A. Se é fundada a rejeição do requerimento para abertura de instrução apresentado pelo arguido, por inadmissibilidade legal, uma vez que não continha as razões de discordância relativamente à acusação e, no que concerne à inquirição das testemunhas que requereu como atos de instrução a realizar, era omisso quanto aos factos que, através deles, se esperava provar (cfr. II.4.A.); e
B. Se o recorrente deveria ter sido convidado previamente para aperfeiçoamento do requerimento de abertura de instrução (cfr. II.4.B.).
II.3. Ocorrências processuais com relevo para apreciar as questões objeto do recurso:
Ora, com relevo para o definido objeto do recurso, e resultante dos atos processuais a seguir assinalados, importa atentar no seguinte:
II.3.A. Do despacho de acusação e pedido de indemnização civil (cfr. ref.ªs 55551499, 55551680, 55551724, 55551737, 55551803, 55551860, 55551886, 55551896, 55551907 de 20-06-2024, 55570808, 55570825 de 25-06-2024 e 5865695 de 15-07-2024 do processo principal):
No âmbito do inquérito n.º 133/18.7JAFUN, que correu termos no Departamento de Investigação e Ação Penal – 1.ª Secção do Funchal, em 20-06-2024 o Ministério Público deduziu acusação, em processo comum e perante tribunal coletivo, contra AA, imputando-lhe a prática, em coautoria, sob a forma consumada e em concurso efetivo, de 1 crime de burla qualificada, p. e p. pelos arts. 202.º, als. a) e b), 217.º, n.º 1, e 218.º, n.ºs 1 e 2, als. a) e b), do C.P., de 1 crime de falsificação e contrafação de documento, p. e p. pelos arts. 255.º, al. a), 256.º, n.º 1, als. a), d) e f), do C.P. e de 1 crime de falsidade informática, p. e p. pelos arts. 2.º, als. a) e b), e 3.º, n.ºs 1 e 3, da Lei do Cibercrime.
O Ministério Público, em representação do Estado Português (Direção-Geral do Tesouro e das Finanças) deduziu pedido de indemnização civil pedindo que os demandados, entre os quais AA, fossem condenados a pagar ao Estado Português (Direção-Geral do Tesouro e das Finanças) a quantia de EUR 2 508 149,08 acrescida de juros moratórios, desde a data da prática dos factos e até efetivo e integral pagamento.
O referido arguido foi notificado do despacho de acusação e pedido de indemnização civil deduzido, mediante via postal simples, por meio de carta que se mostra depositada em 27-06-2024, e a sua ilustre defensora foi notificada do mesmo, mediante via postal registada, por meio de carta registada enviada em 25-06-2024.
II.3.B. Do requerimento de abertura de instrução apresentado pelo recorrente (cfr. ref.ª 5913965 de 05-09-2024 do processo principal):
Inconformado com tal despacho de acusação, em 03-09-2025, o arguido AA apresentou requerimento de abertura de instrução com o seguinte teor:
AA, arguido nos autos referidos à margem, discordando integralmente da acusação particular deduzida pelo Ministério Público, vem, ao abrigo do disposto no art. 287º/1, a) do CPP, Requerer a Abertura da Instrução, nos termos e com os seguintes fundamentos:

O arguido vem acusado da prática, em coautoria na forma consumada, dos crimes de burla qualificada, pelos arts. 217º/1, 218º/1 e 2, a) e b) do C.P.; falsificação e contrafação de documento, pelos arts. 256º/1, a), d), e) e f) do C.P.; e de falsidade informática, pelos arts. 3º/1 e 3 da Lei do Cibercrime.

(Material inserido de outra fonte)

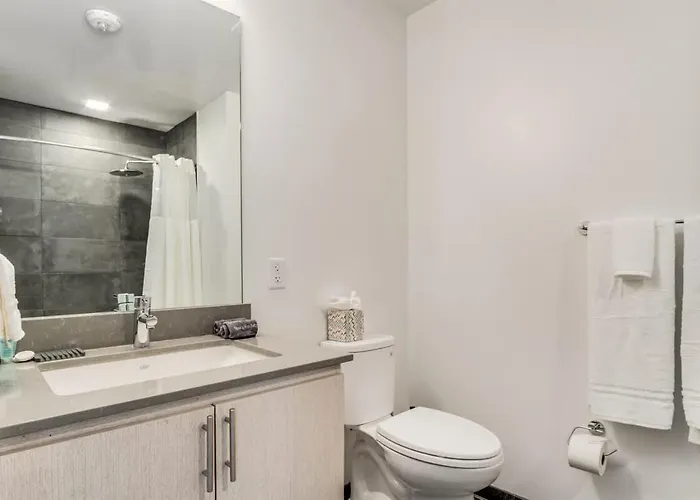 Boulevard Sleek Pool Gym & Zero Parking Fee Apartment Phoenix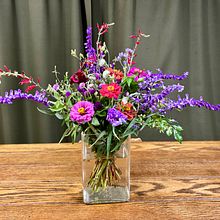 My project for course: Floral Arrangement Design with Seasonal Blooms. Interior Design, L, scape Architecture, Decoration, DIY, Floral, and Plant Design project by Ana Kanashiro - 10.20.2023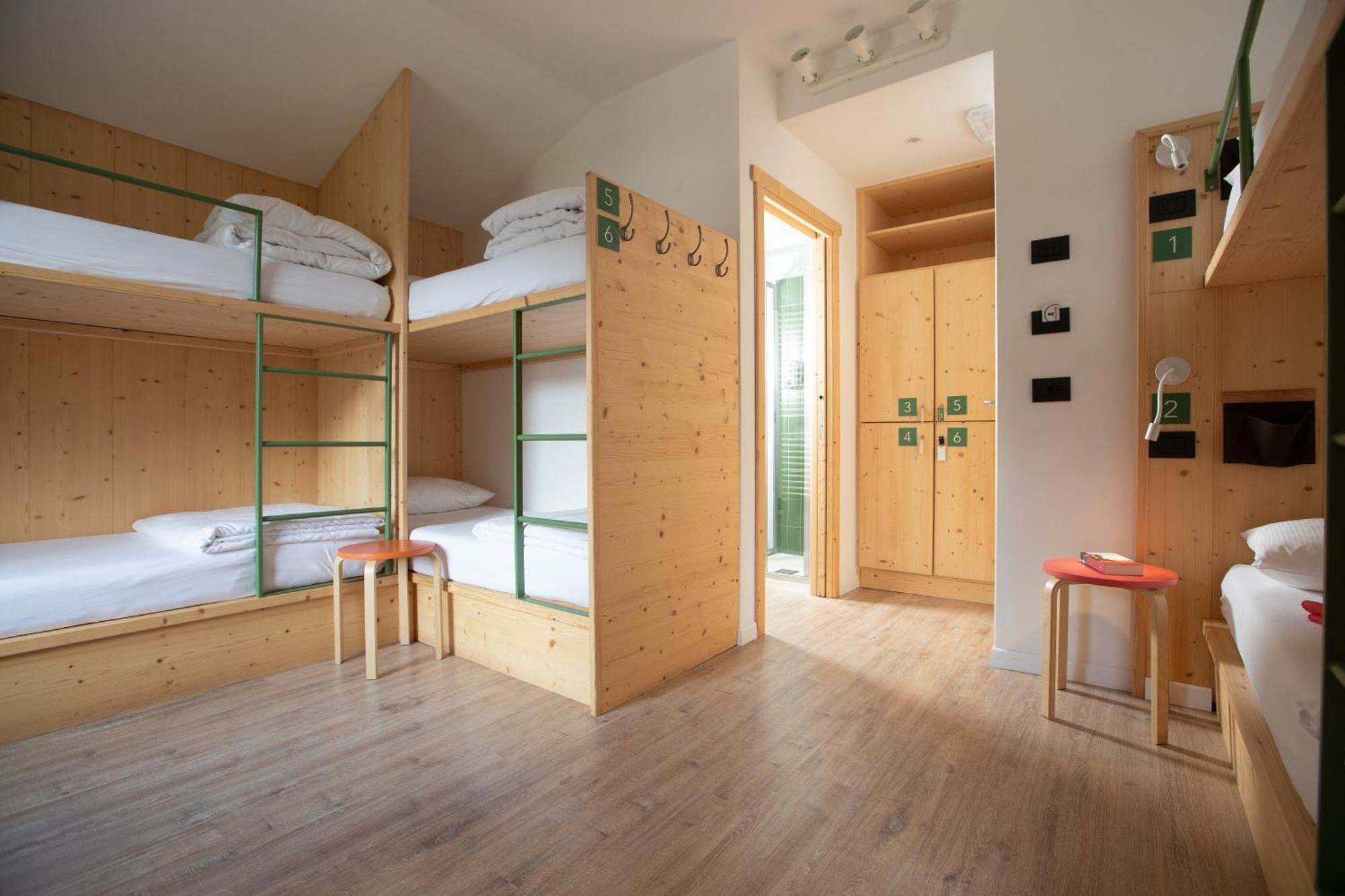 Posto Letto in Dormitorio per 6 Persone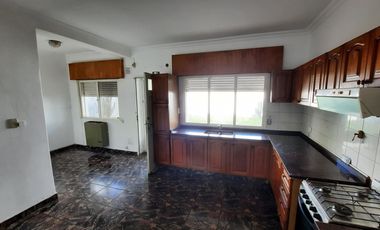 Casa de 4 dormitorios en Alvear 185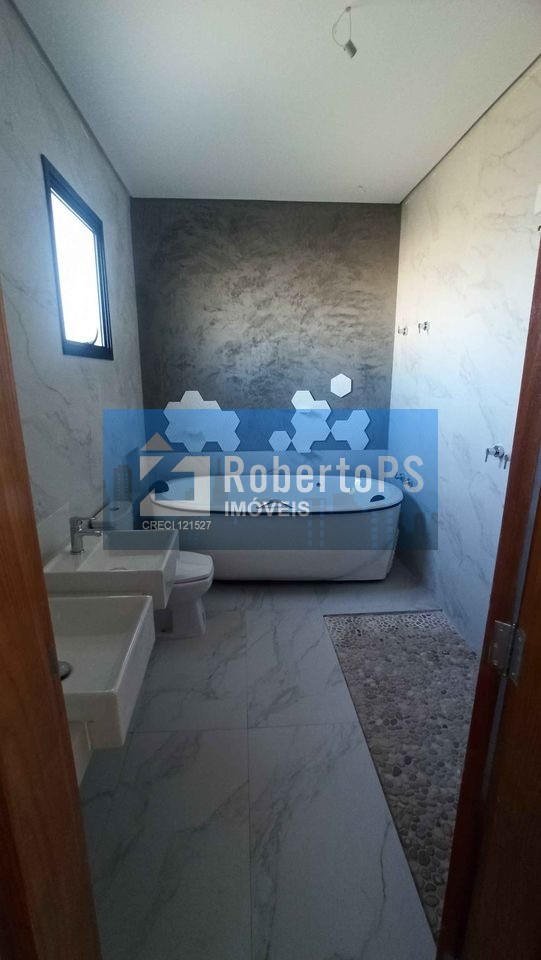 Casa em Condomínio à Venda em São José dos Campos-SP, 4 quartos, 1 suíte, 2 salas, 5 banheiros, 2 vagas, 241m². Venha Conferir!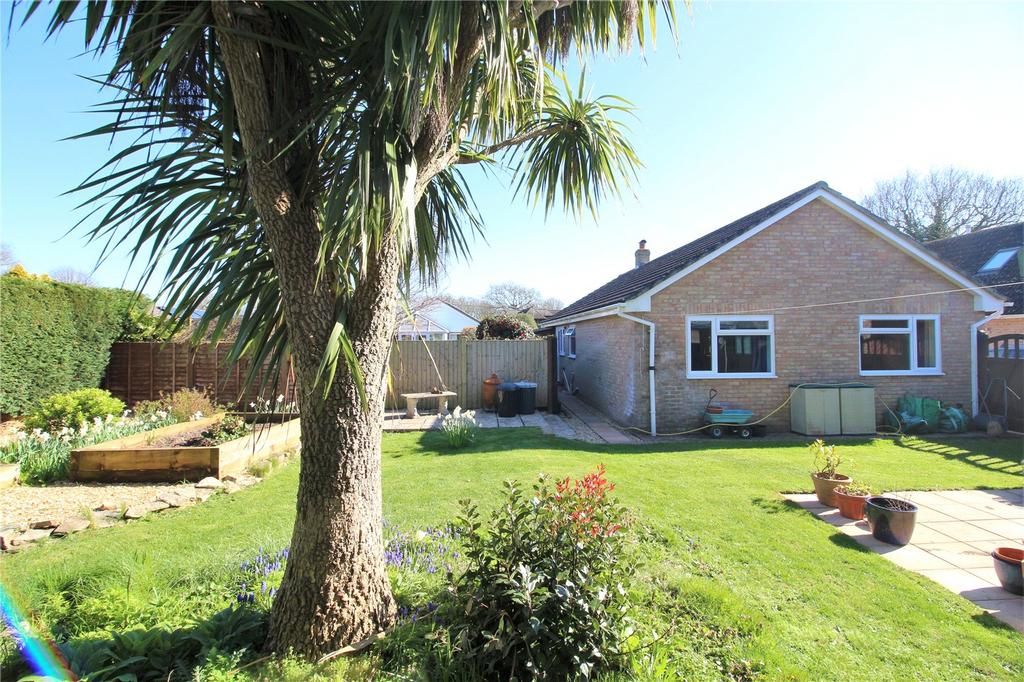 St Marys Grove, Hordle, Hampshire, SO41 2 bed bungalow for sale £449,995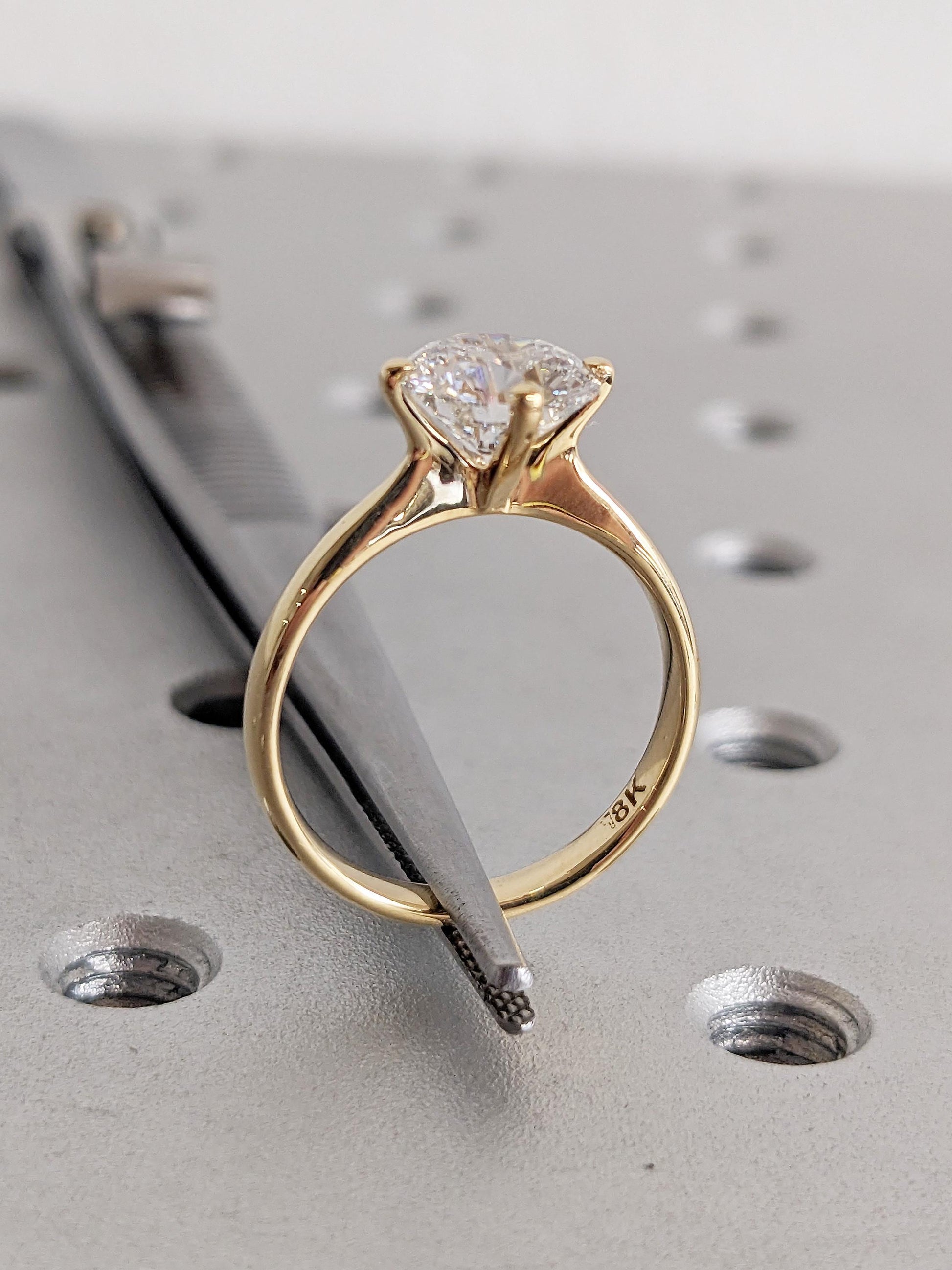 1.2 CT Round Solitaire Moissanite Engagement Ring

Em tal acusação, o Ministério Público formulou um pedido de indemnização no valor de € 2.508.149,08, acrescida de juros moratórios calculados à taxa legal.

Ora, não se compreende a proveniência de tal valor, visto que ao somar todas as quantias em causa, chegamos ao valor de € 1.685.644,60 e não de € 2.508.149,08.

Estando assim a pedir € 822.504,48 a mais do que o valor correto.

Relativamente a todo o esquema por detrás da burla, o arguido nega que tenha praticado os factos referidos da acusação.

Acontece que, o arguido BB, garantiu ao arguido e requerente que as regras da mobilidade aérea entre a Ilha da Madeira e Portugal continental teriam sido alteradas, sendo possível, deste modo, pagar apenas a tarifa de € 86 antes da viagem.

Assim, e mesmo sob alguma reserva inicial, o arguido convencido de que tal estaria correto e começou a pagar antecipadamente apenas o valor de € 86.

Porém, em nenhum momento o arguido e requerente entregou ao arguido BB, qualquer valor de subsídio de mobilidade depois de o receber junto dos CTT Correios de Portugal.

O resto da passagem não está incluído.